Bahkan setelah Feng Gucheng mewarisi Sekte Pedang, ikatan mereka tetap kuat, seperti saudara.
“Tidak bisakah aku mengajakmu minum saat aku sedang senggang? Berhenti mengoceh dan cepat kemari; kalau tidak, kau hanya akan mendapatkan beberapa gelas lebih sedikit…”
Lai Chengyi dengan santai menenggak anggur di cangkirnya dalam sekali teguk.
“Kau berjanji akan memberiku anggur tapi kemudian mengancam akan mengurangi jumlah minumanmu? Tidak mungkin…”
Feng Gucheng melambaikan tangan dengan acuh tak acuh, bergegas maju dan menghabiskan anggur di depannya. Dia tak kuasa memuji, “Anggur yang luar biasa!”

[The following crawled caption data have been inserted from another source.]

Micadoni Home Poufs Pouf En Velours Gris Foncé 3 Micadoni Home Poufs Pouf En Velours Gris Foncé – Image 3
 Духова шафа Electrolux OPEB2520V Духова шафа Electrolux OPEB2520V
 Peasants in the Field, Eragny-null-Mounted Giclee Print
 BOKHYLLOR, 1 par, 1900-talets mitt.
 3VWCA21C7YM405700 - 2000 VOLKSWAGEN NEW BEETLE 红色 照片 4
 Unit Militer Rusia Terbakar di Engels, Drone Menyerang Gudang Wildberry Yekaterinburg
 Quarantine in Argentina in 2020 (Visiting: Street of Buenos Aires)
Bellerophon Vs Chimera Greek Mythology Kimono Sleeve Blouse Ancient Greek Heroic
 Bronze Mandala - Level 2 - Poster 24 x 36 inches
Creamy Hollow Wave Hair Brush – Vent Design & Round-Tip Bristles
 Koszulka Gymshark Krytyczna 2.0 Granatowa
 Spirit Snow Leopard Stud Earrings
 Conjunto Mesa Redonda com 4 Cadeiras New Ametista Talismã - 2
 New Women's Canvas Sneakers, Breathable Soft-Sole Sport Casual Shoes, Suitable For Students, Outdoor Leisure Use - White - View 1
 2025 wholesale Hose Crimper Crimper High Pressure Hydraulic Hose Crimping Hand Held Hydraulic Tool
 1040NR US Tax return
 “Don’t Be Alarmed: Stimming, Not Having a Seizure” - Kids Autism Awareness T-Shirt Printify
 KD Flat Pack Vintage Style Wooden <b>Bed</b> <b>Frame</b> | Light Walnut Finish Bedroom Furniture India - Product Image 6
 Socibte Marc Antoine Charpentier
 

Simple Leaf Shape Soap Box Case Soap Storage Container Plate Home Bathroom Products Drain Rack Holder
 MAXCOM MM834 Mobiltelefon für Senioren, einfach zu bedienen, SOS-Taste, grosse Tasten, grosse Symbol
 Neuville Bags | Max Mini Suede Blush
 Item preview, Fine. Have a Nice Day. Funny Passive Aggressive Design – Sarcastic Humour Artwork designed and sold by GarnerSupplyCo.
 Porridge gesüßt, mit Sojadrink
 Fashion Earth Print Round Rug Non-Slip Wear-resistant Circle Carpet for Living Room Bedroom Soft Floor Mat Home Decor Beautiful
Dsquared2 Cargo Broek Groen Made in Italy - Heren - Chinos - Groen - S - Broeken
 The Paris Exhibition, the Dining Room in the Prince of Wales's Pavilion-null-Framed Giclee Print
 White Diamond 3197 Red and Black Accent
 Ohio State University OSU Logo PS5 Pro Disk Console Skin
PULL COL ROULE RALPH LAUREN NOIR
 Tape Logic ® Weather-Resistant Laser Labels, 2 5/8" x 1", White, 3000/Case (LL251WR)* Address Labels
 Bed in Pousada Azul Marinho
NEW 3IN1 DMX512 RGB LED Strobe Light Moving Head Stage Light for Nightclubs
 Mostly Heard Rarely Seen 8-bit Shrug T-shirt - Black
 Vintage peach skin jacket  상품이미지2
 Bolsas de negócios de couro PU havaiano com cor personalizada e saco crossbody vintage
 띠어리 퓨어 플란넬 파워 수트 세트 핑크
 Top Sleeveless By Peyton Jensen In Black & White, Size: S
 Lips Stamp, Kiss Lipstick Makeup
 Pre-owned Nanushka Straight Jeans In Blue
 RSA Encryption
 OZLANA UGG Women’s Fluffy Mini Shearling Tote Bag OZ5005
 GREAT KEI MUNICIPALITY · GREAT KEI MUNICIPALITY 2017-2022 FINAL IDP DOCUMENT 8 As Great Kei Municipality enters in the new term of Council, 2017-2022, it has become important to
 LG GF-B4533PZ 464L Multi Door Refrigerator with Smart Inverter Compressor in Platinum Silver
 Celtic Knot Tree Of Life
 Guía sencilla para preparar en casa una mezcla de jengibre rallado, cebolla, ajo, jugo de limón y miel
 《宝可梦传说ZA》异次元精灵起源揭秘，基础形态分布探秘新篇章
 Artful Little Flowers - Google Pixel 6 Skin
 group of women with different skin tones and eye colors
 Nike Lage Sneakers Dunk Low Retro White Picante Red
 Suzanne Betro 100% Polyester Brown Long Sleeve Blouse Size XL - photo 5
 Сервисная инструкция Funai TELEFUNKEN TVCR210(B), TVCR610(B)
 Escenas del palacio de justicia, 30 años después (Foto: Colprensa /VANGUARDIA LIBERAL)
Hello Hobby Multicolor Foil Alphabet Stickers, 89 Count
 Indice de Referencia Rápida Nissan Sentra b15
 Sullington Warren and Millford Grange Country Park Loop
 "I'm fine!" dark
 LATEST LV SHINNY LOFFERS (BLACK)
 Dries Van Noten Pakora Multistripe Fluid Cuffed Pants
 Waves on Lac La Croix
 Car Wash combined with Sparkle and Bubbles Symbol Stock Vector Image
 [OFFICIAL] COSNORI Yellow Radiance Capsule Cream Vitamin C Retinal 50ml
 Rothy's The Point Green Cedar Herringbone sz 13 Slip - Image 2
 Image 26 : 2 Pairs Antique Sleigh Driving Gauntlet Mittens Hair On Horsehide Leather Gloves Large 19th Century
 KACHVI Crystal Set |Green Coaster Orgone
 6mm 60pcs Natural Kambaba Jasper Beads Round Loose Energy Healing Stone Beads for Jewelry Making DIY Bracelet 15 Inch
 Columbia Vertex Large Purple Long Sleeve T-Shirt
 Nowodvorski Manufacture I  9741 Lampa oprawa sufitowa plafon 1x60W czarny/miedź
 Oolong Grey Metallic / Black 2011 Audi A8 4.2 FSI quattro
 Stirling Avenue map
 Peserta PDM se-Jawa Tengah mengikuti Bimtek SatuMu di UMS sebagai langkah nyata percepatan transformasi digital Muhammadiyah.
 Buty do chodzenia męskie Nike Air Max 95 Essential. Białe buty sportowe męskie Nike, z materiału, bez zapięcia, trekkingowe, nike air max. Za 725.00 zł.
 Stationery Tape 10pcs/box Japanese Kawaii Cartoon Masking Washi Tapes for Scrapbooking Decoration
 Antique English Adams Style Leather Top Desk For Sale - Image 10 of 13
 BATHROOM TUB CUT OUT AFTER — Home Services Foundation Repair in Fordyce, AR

Anggur Jernih Kolam Dingin ini tidak terlalu mahal tetapi terkenal sulit diproduksi. Feng Gucheng telah lama mendambakan untuk mencicipinya, dan hari ini dia akhirnya memenuhi keinginannya.
Setelah beberapa tegukan, telinganya memerah saat dia tersenyum hangat pada Lai Chengyi. “Jadi, katakan padaku—apa masalahnya kali ini? Kau tidak akan mencariku hanya untuk minum-minum tanpa tujuan, kan?”
“Ini cuma anggur; tidak ada masalah sama sekali…” jawab Lai Chengyi.
Feng Gucheng mengangkat alisnya dan menyela, “Jangan berdalih. Katakan saja, atau aku akan langsung pergi!”
Dengan itu, dia mengulurkan tangan dan mengambil Anggur Jernih Kolam Dingin kesayangan Lai Chengyi, menariknya ke arahnya. “Lagipula, aku akan membawa seluruh botol ini—tidak sedikit pun untukmu!”
“Kau dan ketidakmampuanmu untuk menyimpan rahasia…”
Melihat tingkah Feng Gucheng, Lai Chengyi tersenyum getir, menggelengkan kepalanya sebelum melemparkan selembar kertas.
“Lihatlah!”
Feng Gucheng meraihnya dengan bingung dan perlahan membukanya. Begitu matanya memindai kertas itu, dia membeku.”Ini… ini nyata?”
“Benar-benar nyata!” Lai Chengyi membenarkan dengan anggukan.
“Kalau begitu, dunia ini…”
Suara Feng Gucheng bergetar. “Ini ditakdirkan untuk kekacauan total!”